Она взяла чашку, а в глазах слёзы блеснули. Не покатились нет, гордость не пустила, а так и застыли, будто лёд в проруби.
Совсем одна я, Степановна, выдохнула она наконец, и голос у неё был чужой, надтреснутый. Сил нет. Руку подвернула, слава богу, не сломала, но ноет, проклятая, ни дров принести, ни воды. А спину так ломит, что ни вдохнуть, ни выдохнуть.
И полилась её жалоба, как ручей весенний мутный да горький. А я сижу, слушаю, киваю, но вижу не её нынешнюю беду, а то, что пять лет назад было. Вспоминаю, как в её доме, самом крепком на всю деревню, смех звенел. Сын её, Андрей, красавец да умелец, невесту привёл. Оленьку.
Девочка была тихая, как тень. Андрей её из города привёз. Глаза ясные, доверчивые. Волосы русые в толстую косу заплетены. Руки хоть и тонкие, но к работе привычные. За что Андрей её полюбил понятно. А вот почему Таисии не угодила никто в селе не понимал.

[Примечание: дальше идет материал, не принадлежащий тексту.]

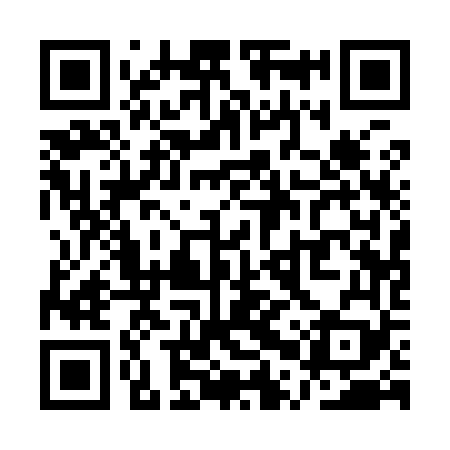 QR code for QPQ969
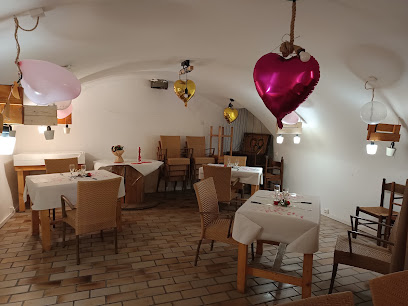 La Taverne Du Troll Joueur Snack-Bar à Brignoles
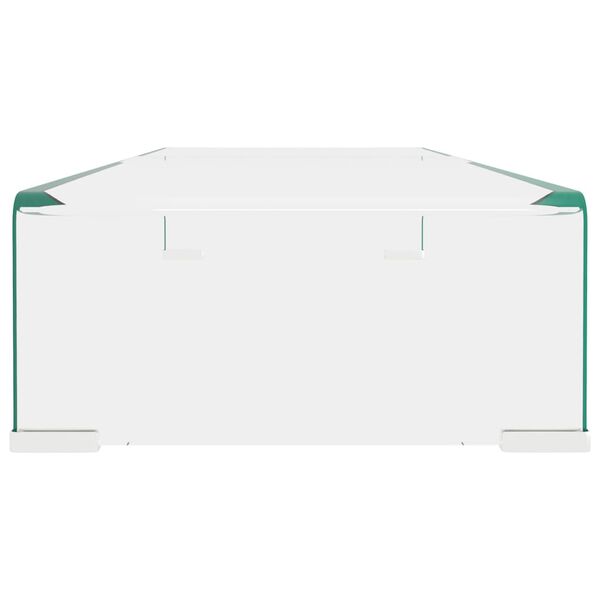 Showing Product Image 4 of 6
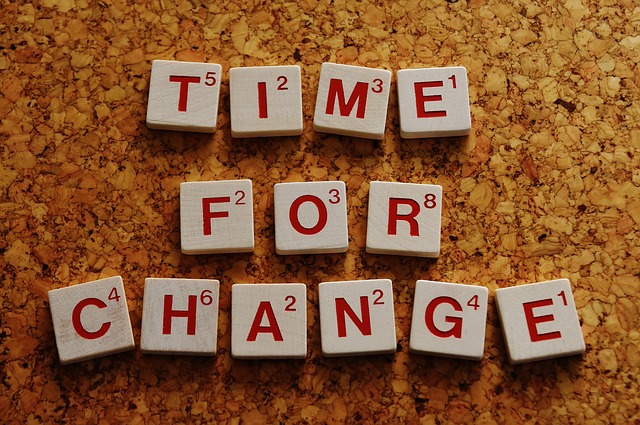Playing habits – create positive habits and play better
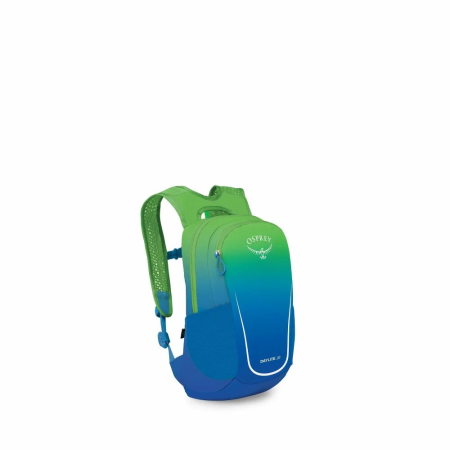 Kinderrucksack Osprey Daylite Jr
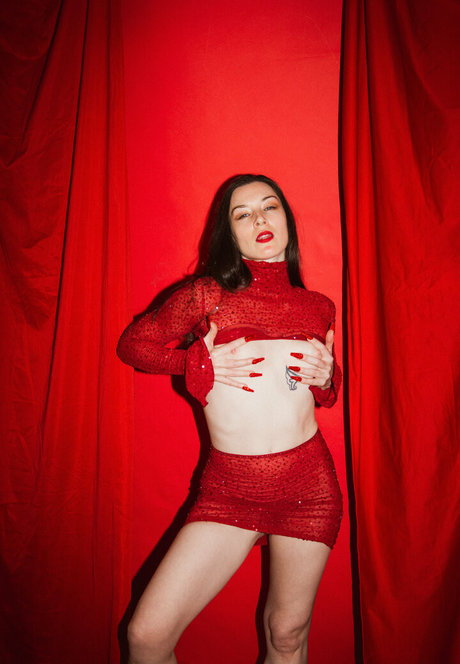 Stoya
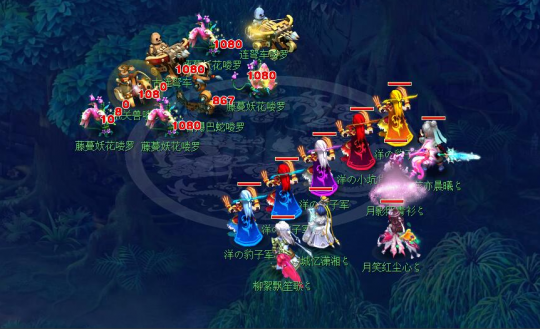 Eternal Fire 、BetBoom、 Vitality 和G2已获得BLAST Bounty Spring 2025的资格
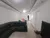 Apartamento, 2 quartos, 72 m² - Foto 2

А не угодила, и точка. С первого дня Федосеевна её пилила. Не так сидит, не так говорит. Борщ у неё, видите ли, недостаточно наваристый, полы недостаточно чисто вымыты. Компот сварит «сахару перевела, мотовка». Грядки прополет «всю полезную траву повыдергала, бестолковая».

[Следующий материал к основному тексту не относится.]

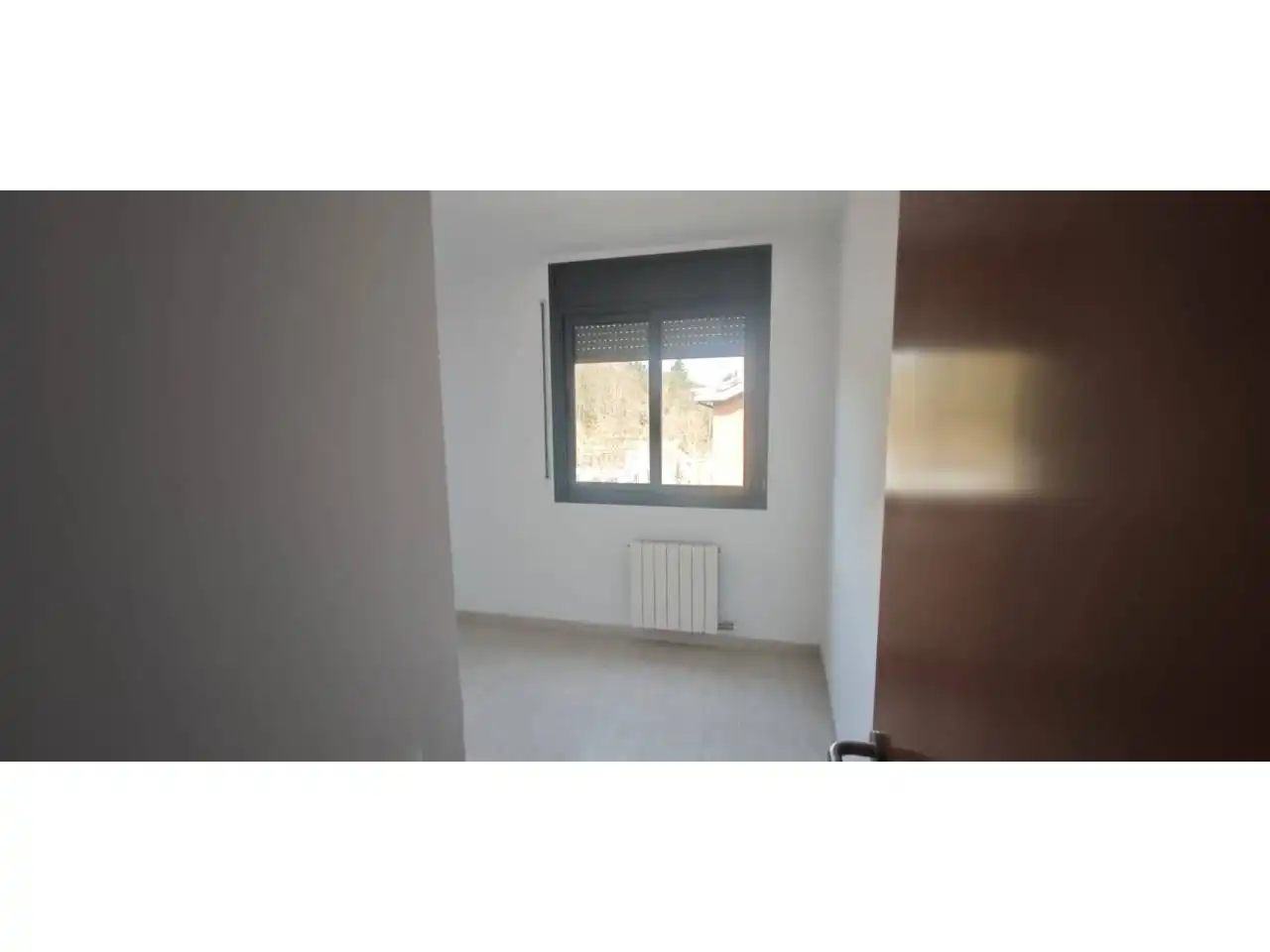 House with garden for sale in Calle surera 10, imagen 3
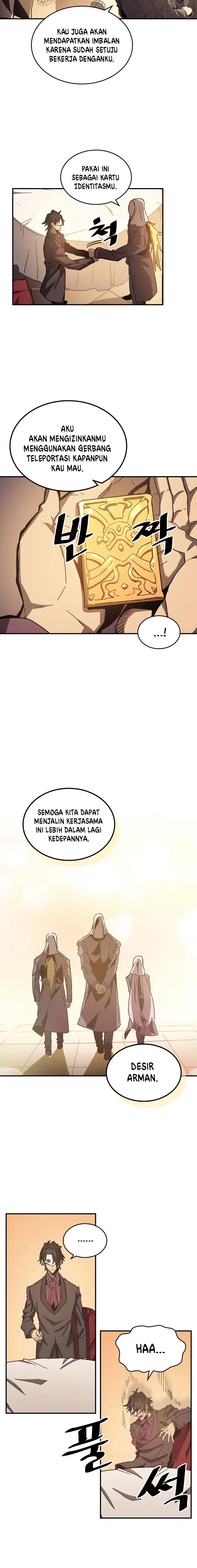 image-komik-a-returners-magic-should-be-special-chapter-120-8/15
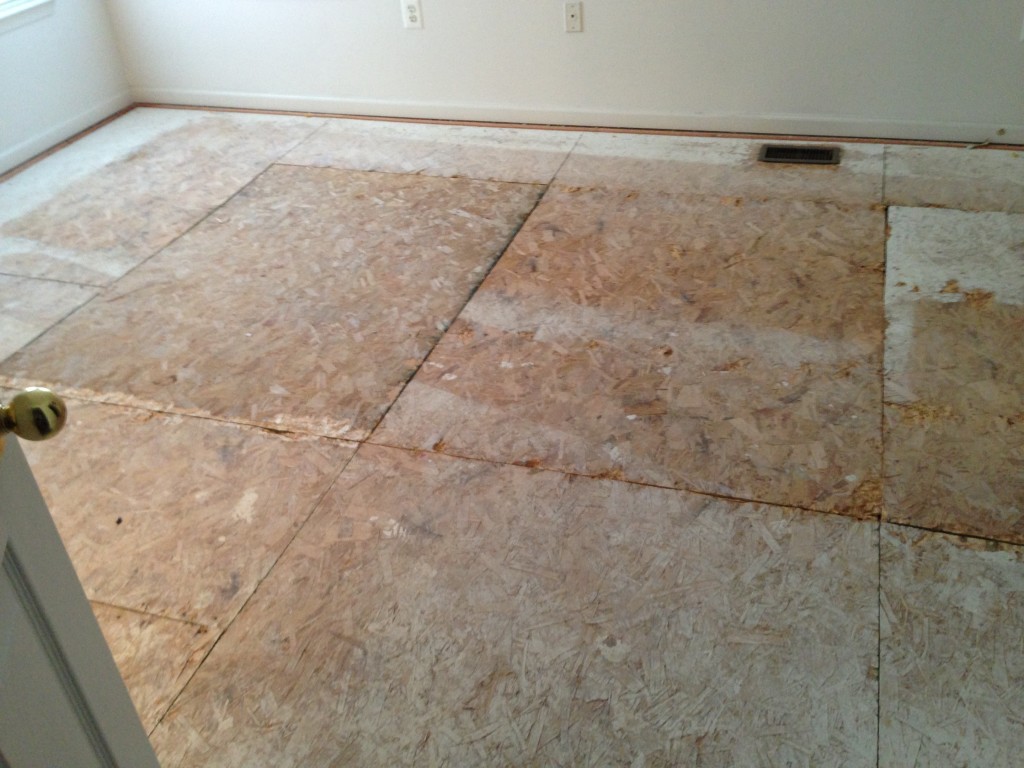 eco silent sound hd underlayment lumber liquidators eco silent sound hd underlayment lumber liquidators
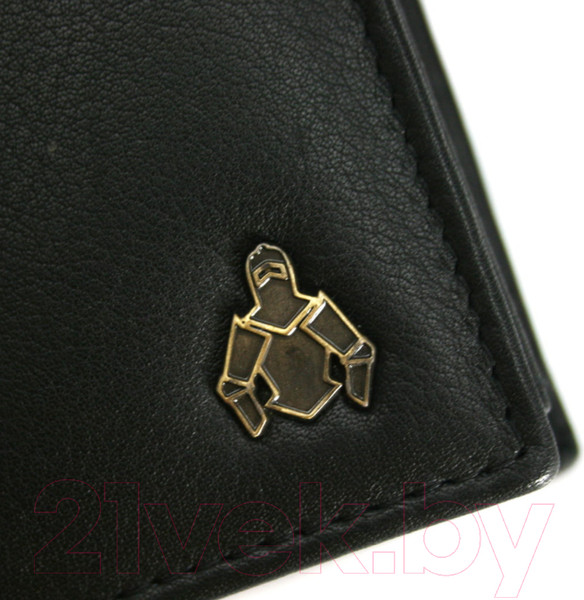 Изображение товара Портмоне Bellugio AM-101R-123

Андрей поначалу заступался, потом сдался. Он ведь маменькин сынок был, всю жизнь под её крылом. Метался между ними, как травинка на ветру. А Оленька молчала. Только бледнела да худела с каждым днём. Раз встретила её у колодца, смотрю глаза на мокром месте.
Что ж ты, детка, терпишь? спрашиваю. Куда смотрят?
А она мне улыбнулась так горько:
А куда мне, тёть Маша? Люблю его. Может, привыкнет она ко мне, смилуется
Не смиловалась. Последней каплей стала старая вышитая скатерть, которую ещё бабка Таисии шила. Оленька её постирала неосторожно, узор полинял. Ох, что тогда было Крику на всю улицу.
В ту же ночь Оля ушла. Тихо, без слов. Андрей наутро как бешеный метался, искал её, а потом пришёл к матери, глаза сухие, страшные.
Это ты, мама, только и сказал. Ты счастье моё погубила.
И тоже уехал. Говорят, нашёл свою Олю в городе, поженились, дочка у них родилась. А к матери ни ногой. Ни письма, ни звонка. Словно отрезал.
Таисия поначалу бодрилась. «И слава богу, говорила соседкам. Не нужна мне такая сноха, да и сын, видно, не сын, раз променял мать на юбку». А сама враз постарела, ссутулилась. В своём идеальном доме, чистом, как стерильная палата, осталась одна. И вот сидит передо мной, и вся её генеральская спесь слетела, как шелуха. Осталась просто старая, больная, одинокая женщина.
Никому я не нужна, Степановна, шепчет она, а по щеке ползёт первая, скупая слеза. Лучше бы помереть.
Грех так говорить, Федосеевна, отвечаю строго, а сердце сжимается. Жизнь дана, чтобы жить, а не чтобы хорониться. Давай укол сделаю, спине легче станет.
Сделала укол, растёрла ей спину мазью. Она вроде ожила немного, плечи расправила.
Спасибо, Степановна, говорит. Не думала, что ещё кто-то доброту мне окажет.
Ушла она, а у меня на душе камень. Лечить-то лечу, но есть болезни, от которых ни таблеток, ни уколов нет. Болезнь эта зовётся одиночеством. И лечится она только теплом другого человека.
Дня три маялась, не находила себе места. Потом раздобыла через знакомых телефон Андрея. Руки дрожали, когда набирала. Что скажу? С чего начну? А он взял трубку, голос знакомый, только грубее, взрослее.
Андрей, здравствуй, говорю. Это Степановна из Заозерья. Не помешала?
Он молчал. Я уж подумала, бросил трубку.
Здравствуйте, тёть Маша, ответил наконец. Что-то случилось?
Случилось, сынок. Мать твоя совсем одна. Сдаёт. Болеет, а виду не подаёт. Гордая
Он снова молчит. Слышу, как Оля что-то спрашивает тихо. Потом её голос, тёплый, но твёрдый:
Дай-ка мне.
Здравствуйте, тёть Маша! Как она? Очень плохо?
И я ей всё рассказала. Без утайки. И про руку, и про спину, и про слёзы. Оля слушала, не перебивала.
Спасибо, что позвонили, сказала чётко. Мы приедем. В воскресенье ждите. Только вы ей не говорите. Пусть сюрприз будет.
Вот оно, думаю, какое сердце. Её из дома выгнали, унижали, а в ней ни капли злобы не осталось.